Extracted records
────────

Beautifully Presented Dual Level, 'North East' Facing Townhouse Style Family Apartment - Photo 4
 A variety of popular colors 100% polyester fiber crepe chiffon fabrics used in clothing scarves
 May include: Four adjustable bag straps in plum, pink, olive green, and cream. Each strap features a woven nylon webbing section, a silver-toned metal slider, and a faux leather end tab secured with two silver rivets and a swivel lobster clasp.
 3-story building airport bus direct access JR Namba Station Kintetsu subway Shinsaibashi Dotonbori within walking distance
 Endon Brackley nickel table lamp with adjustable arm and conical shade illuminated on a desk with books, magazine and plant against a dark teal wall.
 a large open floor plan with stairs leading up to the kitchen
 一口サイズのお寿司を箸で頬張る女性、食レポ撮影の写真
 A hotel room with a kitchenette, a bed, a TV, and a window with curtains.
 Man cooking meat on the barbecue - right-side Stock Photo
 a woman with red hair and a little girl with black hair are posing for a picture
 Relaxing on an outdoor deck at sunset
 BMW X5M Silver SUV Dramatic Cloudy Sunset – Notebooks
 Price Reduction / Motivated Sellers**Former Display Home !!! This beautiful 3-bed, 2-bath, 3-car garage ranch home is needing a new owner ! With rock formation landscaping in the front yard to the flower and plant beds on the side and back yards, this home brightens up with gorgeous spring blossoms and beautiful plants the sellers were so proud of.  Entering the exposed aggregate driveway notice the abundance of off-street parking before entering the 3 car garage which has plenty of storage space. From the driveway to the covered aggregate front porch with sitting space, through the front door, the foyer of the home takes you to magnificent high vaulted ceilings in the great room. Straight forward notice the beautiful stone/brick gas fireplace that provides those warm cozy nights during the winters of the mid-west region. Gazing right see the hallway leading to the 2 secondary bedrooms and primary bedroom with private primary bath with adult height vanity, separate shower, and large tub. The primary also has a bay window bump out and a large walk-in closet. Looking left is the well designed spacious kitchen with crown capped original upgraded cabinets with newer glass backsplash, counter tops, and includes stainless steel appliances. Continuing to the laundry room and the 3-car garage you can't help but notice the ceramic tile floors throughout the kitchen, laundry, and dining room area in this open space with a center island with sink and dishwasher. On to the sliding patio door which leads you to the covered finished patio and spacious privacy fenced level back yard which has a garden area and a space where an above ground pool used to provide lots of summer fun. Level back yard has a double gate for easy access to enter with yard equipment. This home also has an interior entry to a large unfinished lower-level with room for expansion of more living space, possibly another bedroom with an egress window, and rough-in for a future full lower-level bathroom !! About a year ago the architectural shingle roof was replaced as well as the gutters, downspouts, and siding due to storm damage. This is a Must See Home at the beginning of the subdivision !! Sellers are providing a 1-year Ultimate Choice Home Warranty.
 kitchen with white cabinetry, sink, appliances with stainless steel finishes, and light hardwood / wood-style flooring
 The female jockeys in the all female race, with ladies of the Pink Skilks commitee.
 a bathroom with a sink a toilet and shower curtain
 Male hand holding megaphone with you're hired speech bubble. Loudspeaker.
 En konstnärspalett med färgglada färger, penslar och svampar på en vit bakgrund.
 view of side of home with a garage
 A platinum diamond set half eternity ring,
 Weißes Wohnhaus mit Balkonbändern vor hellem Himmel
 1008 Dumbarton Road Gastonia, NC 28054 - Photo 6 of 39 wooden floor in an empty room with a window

────────

## PROBLEM REQUIREMENTS
Your answer should be every entry above, repeated exactly.

## WRITTEN SOLUTION
Beautifully Presented Dual Level, 'North East' Facing Townhouse Style Family Apartment - Photo 4
 A variety of popular colors 100% polyester fiber crepe chiffon fabrics used in clothing scarves
 May include: Four adjustable bag straps in plum, pink, olive green, and cream. Each strap features a woven nylon webbing section, a silver-toned metal slider, and a faux leather end tab secured with two silver rivets and a swivel lobster clasp.
 3-story building airport bus direct access JR Namba Station Kintetsu subway Shinsaibashi Dotonbori within walking distance
 Endon Brackley nickel table lamp with adjustable arm and conical shade illuminated on a desk with books, magazine and plant against a dark teal wall.
 a large open floor plan with stairs leading up to the kitchen
 一口サイズのお寿司を箸で頬張る女性、食レポ撮影の写真
 A hotel room with a kitchenette, a bed, a TV, and a window with curtains.
 Man cooking meat on the barbecue - right-side Stock Photo
 a woman with red hair and a little girl with black hair are posing for a picture
 Relaxing on an outdoor deck at sunset
 BMW X5M Silver SUV Dramatic Cloudy Sunset – Notebooks
 Price Reduction / Motivated Sellers**Former Display Home !!! This beautiful 3-bed, 2-bath, 3-car garage ranch home is needing a new owner ! With rock formation landscaping in the front yard to the flower and plant beds on the side and back yards, this home brightens up with gorgeous spring blossoms and beautiful plants the sellers were so proud of.  Entering the exposed aggregate driveway notice the abundance of off-street parking before entering the 3 car garage which has plenty of storage space. From the driveway to the covered aggregate front porch with sitting space, through the front door, the foyer of the home takes you to magnificent high vaulted ceilings in the great room. Straight forward notice the beautiful stone/brick gas fireplace that provides those warm cozy nights during the winters of the mid-west region. Gazing right see the hallway leading to the 2 secondary bedrooms and primary bedroom with private primary bath with adult height vanity, separate shower, and large tub. The primary also has a bay window bump out and a large walk-in closet. Looking left is the well designed spacious kitchen with crown capped original upgraded cabinets with newer glass backsplash, counter tops, and includes stainless steel appliances. Continuing to the laundry room and the 3-car garage you can't help but notice the ceramic tile floors throughout the kitchen, laundry, and dining room area in this open space with a center island with sink and dishwasher. On to the sliding patio door which leads you to the covered finished patio and spacious privacy fenced level back yard which has a garden area and a space where an above ground pool used to provide lots of summer fun. Level back yard has a double gate for easy access to enter with yard equipment. This home also has an interior entry to a large unfinished lower-level with room for expansion of more living space, possibly another bedroom with an egress window, and rough-in for a future full lower-level bathroom !! About a year ago the architectural shingle roof was replaced as well as the gutters, downspouts, and siding due to storm damage. This is a Must See Home at the beginning of the subdivision !! Sellers are providing a 1-year Ultimate Choice Home Warranty.
 kitchen with white cabinetry, sink, appliances with stainless steel finishes, and light hardwood / wood-style flooring
 The female jockeys in the all female race, with ladies of the Pink Skilks commitee.
 a bathroom with a sink a toilet and shower curtain
 Male hand holding megaphone with you're hired speech bubble. Loudspeaker.
 En konstnärspalett med färgglada färger, penslar och svampar på en vit bakgrund.
 view of side of home with a garage
 A platinum diamond set half eternity ring,
 Weißes Wohnhaus mit Balkonbändern vor hellem Himmel
 1008 Dumbarton Road Gastonia, NC 28054 - Photo 6 of 39 wooden floor in an empty room with a window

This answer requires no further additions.